Guardrail metrics are crucial to ensure that the launch of a new product line does not negatively impact your core product or exceed the allocated budget. These metrics can also help determine the extent of the cannibalization of the existing core product lines. 

New customer acquisition cost and average revenue per user is a good example. It is, however, important to define acceptable thresholds for these metrics early based on budgetary constraints and the organization’s risk appetite.

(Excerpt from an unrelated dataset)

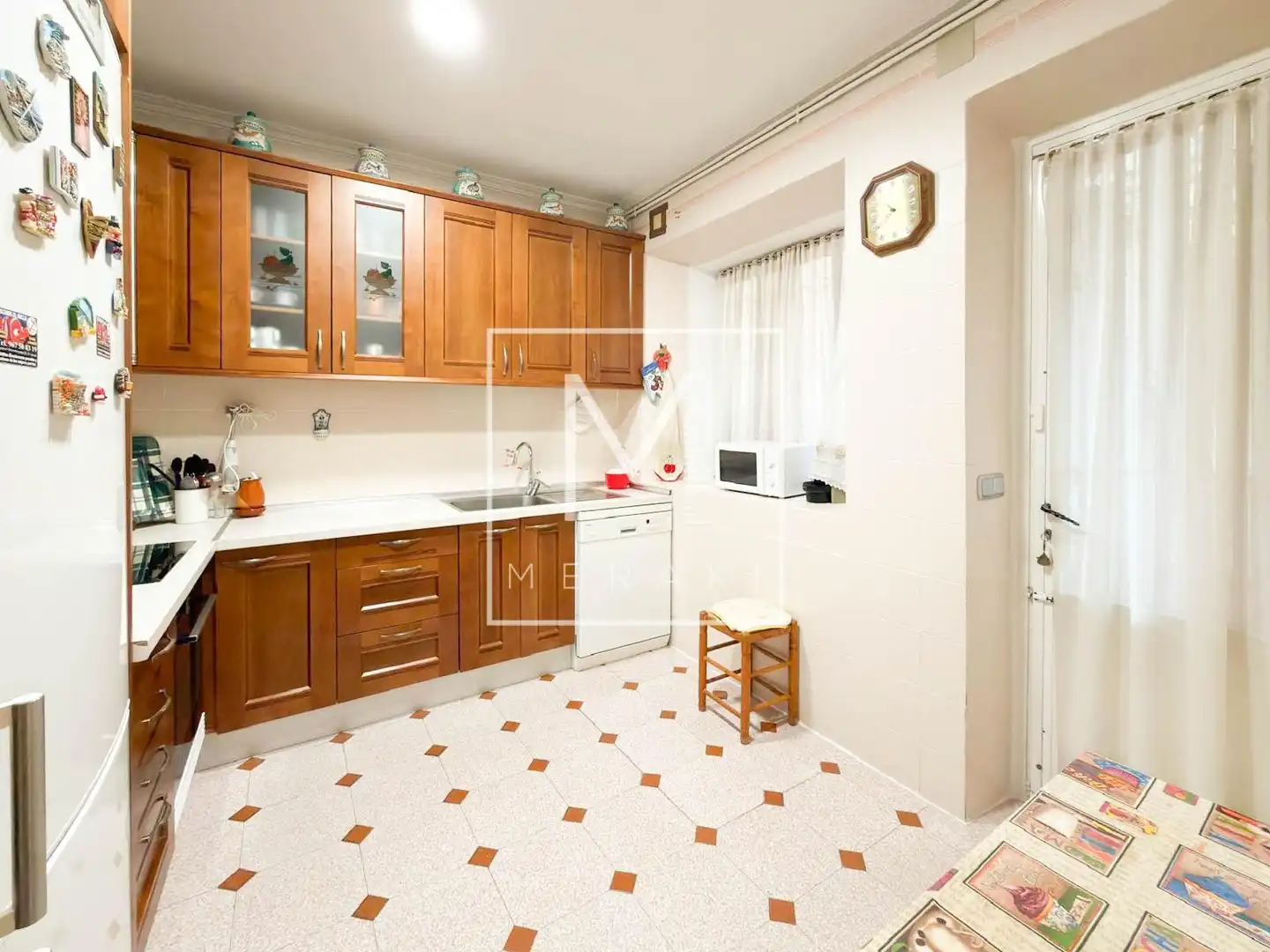Cuina de Casa o xalet en venda en Albacete amb Calefacció, Jardí privat i Terrassa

Considerations for creating and launching a new product while maintaining a core product 

Extending on the topic of guardrail metrics, the job of a PM is not limited to just the new product line. It is crucial not to lose focus on your existing core product. This demands a delicate balance to ensure both products thrive. Here are a few considerations to keep in mind: 

  • Monitor cannibalization: One product should not excessively eat into the sales of the other. Be vigilant in tracking the sales and market reaction of both products to ensure healthy growth and mutual sustainability.
  • Maintain organizational focus: Diversifying your product offerings requires additional resources, both human and financial. However, this shouldn't deter your organization's focus from the core product. It's crucial to allocate resources effectively to manage both products. For PMs, this means allocating some buffer to manage the upkeep and maintenance of the core product when needed.
  • Manage product focus: While it is exciting to launch a new product, remember the value of your core product. It has already established its place in the market, so it's essential to continue its development and innovation alongside the new product. This is tricky for startups with limited resources. 

PMs should take the lead on prioritizing and double down on areas that would deliver the most value to the organization. For example, while at Dunzo, we launched bike taxis; however, we decided not to add new features till the marketplace health improved. Product focus shifted back to the core delivery product soon after.

The key to successful product diversification is the balance. Striking the right balance between the new and the core product will ensure the growth and sustainability of both.

Conclusion 

Product diversification can require significant financial investment and allocation of resources, and there is no guarantee of success. However, if done correctly, it can offer multiple benefits, including increased revenue, improved market share, and enhanced brand reputation. So, as PMs, ensure that you rigorously plan and evaluate all aspects of your diversification strategy to maximize your chances of success.